Auch mit dem Latein und Griechischprofessor Olearius hatte Fallada seine Probleme, da der Lehrer jeden Schüler verachtete, der seinen Lehren nicht nachkam. Der Professor nahm die Lernschwäche eines jeden Schülers dermaßen persönlich, dass er es dem Schüler mit Hass zu spüren gab. Auch Hans wurde von dem Professor dermaßen negativ eingeschüchtert, dass er vor lauter Angst vor dem Professor nicht mehr richtig lernen konnte. Hans wechselte das Gymnasium. Fallada Vater hatte eine Unterredung mit dem Professor, der ihm Schulängste seines Sohnes schilderte, so attestierte der Professor dem Vater gegenüber ein minderbegabtes Kind:

"Ich muss Ihnen empfehlen, (…) Ihren Sohn sofort vom Gymnasium abzumelden. Schon damit er einem consilium abeundi entgeht, denn ich fühle mich verpflichtet, das mir von Ihnen Mitgeteilte dem Lehrerkollegium zu unterbreiten. Für die Weiterbildung ihres Sohnes halte ich nun freilich eine Volksschule für das höchst Erreichbare, vielleicht wäre noch richtiger eine Anstalt für geistig zurückgebliebene Kinder. Dieses ewige Heulen, diese Unfähigkeit, auch die einfachsten lateinischen Form zu erlernen, scheinen mir auf einen leichten Schwachsinn zu deuten."

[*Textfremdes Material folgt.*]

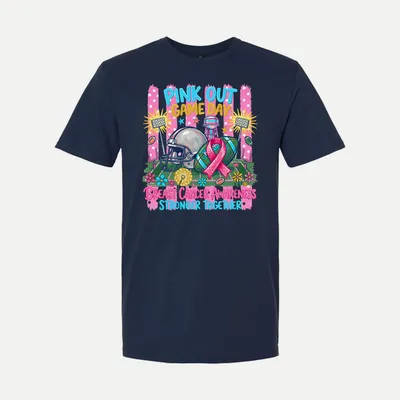 Pink Out Game Day Cancer shirt in Navy
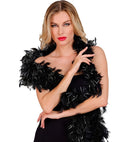 Black Feather Boa With Silver Tinsel - 1,80 M - 50 G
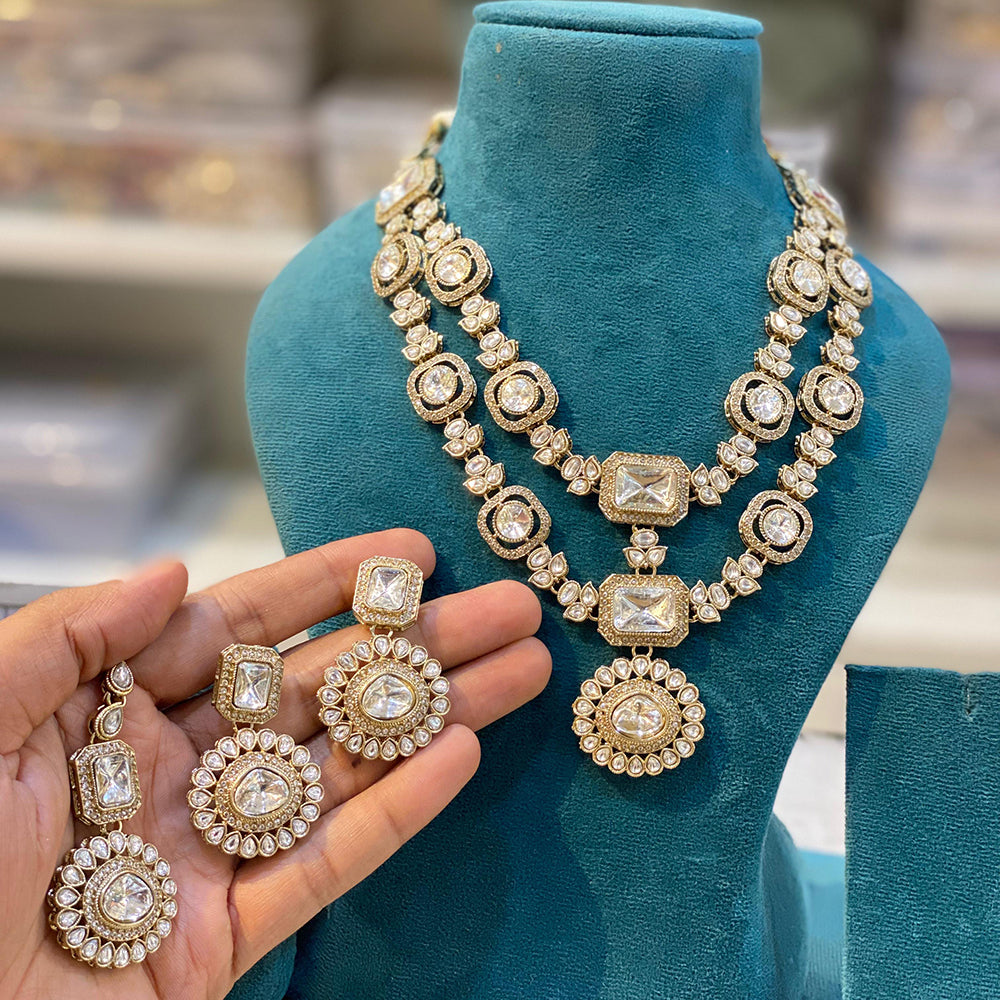 Hira Collections Royal Kundan Stone Designer Necklace Set
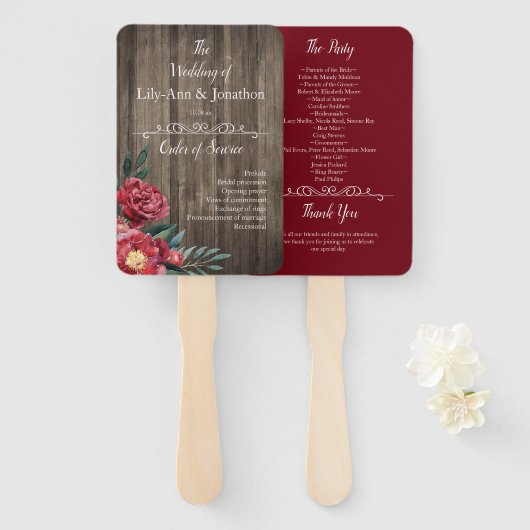 Burgundy Floral Rustic Barn Wood Weddenschap Handwaaier (Voorkant en achterkant)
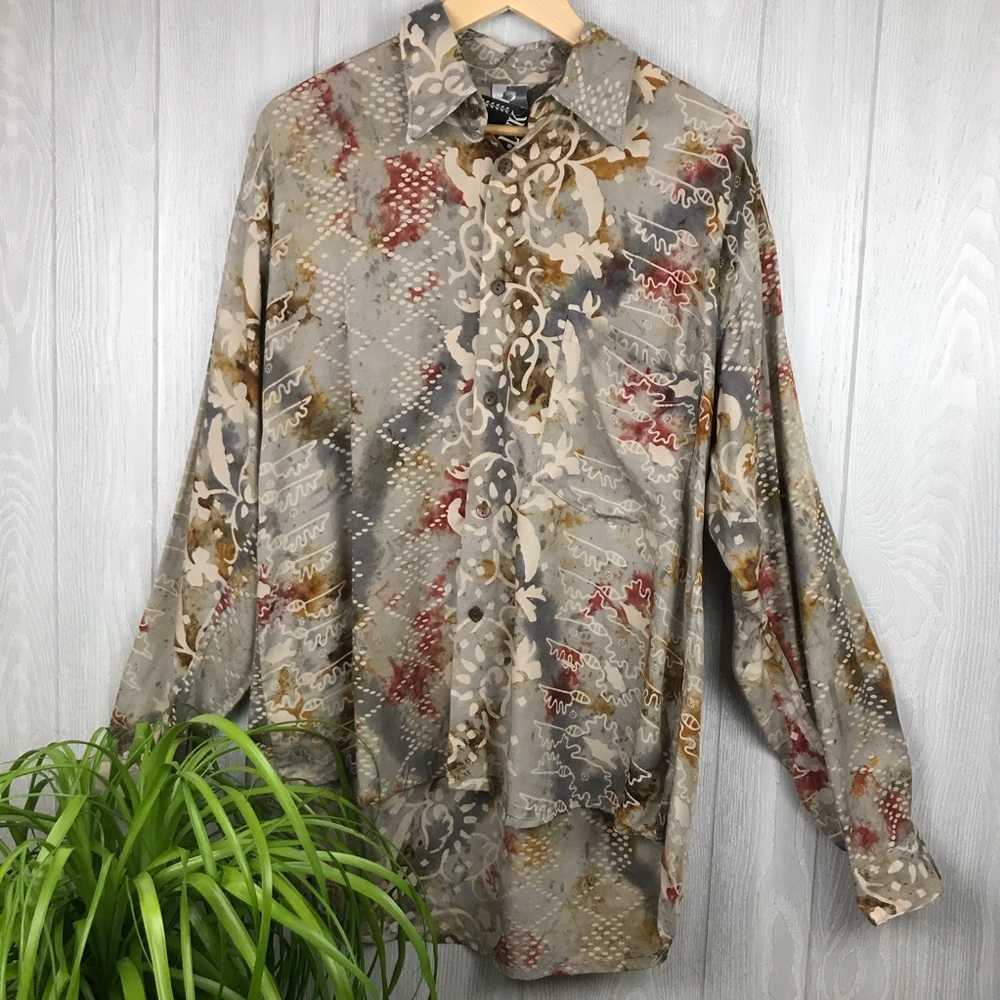 Vintage Button Down Casual Shirt Collared Long Sleeve 90’s Old Stock Unique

Fallada ist mittlerweile fünfzehn Jahre alt, als sein Vater nun anfängt, ihn in seine beruflichen Pläne einzuweihen und einzubinden:

Gewiss, ich hatte Zeiten, da ich jeden Morgen, wenn alle noch schliefen, in Vaters Arbeitszimmer schlich und seine Akten las. Aber mich interessierte nicht so sehr das Juristische wie das Menschliche in ihnen. Mit klopfendem Herzen las sich die Vernehmungsprotokolle des Untersuchungsrichters, eines nach dem anderen, in denen der Beschuldigte leugnet, Ausflüchte macht, seine Unschuld beteuert. (…) In dieser Richtung interessierte mich die Juristerei schon, aber das war ganz und gar nicht das, was Vater wollte. Er suchte mich für die andere Seite des Falles zu interessieren, nicht wie es zu einem Verbrechen gekommen war, sondern was ein Richter nun mit einem solchen Verbrechen anzufangen hat, damit sollte ich mich beschäftigen!

Und hier, so denke ich, hat Fallada sowohl seine Beobachtungen als auch seine Lehren aus den Akten des Vaters gewonnen. Dadurch wurde er geprägt und lernte die Partei des Angeklagten kennen und zu verstehen.

Falladas Vater hat mir eigentlich auch irgendwie imponiert. Aus seiner juristischen Praxis heraus machte er die Erfahrung, dass Prozesse eine langwierige und kostspielige Angelegenheit sei, und er dadurch eher ein Mensch geworden ist, der Konflikte mied und der Harmonie wegen sowohl innerhalb der Familie als auch im Bekanntenkreis Konflikten zu lösen oder zu umgehen wusste. Es wurde ein Beispiel geschildert, als ein Gast angab, Falladas Vater besitze eine Krone, die nicht ihm gehören würde. Daraufhin die Reaktion des Vaters:

"Lieber Mann, Sie dürfen gerne meine Krone mitnehmen. Sie ist mir den Frieden meines Hauses wert.- Denn (…) -ich bin ein alter Richter und weiß, dass Prozesse Menschenfresser sind. Sie verschlingen nicht nur Geld, Glück, Frieden, sie verschlingen auch oft die Protestierenden mit Haut und Haar."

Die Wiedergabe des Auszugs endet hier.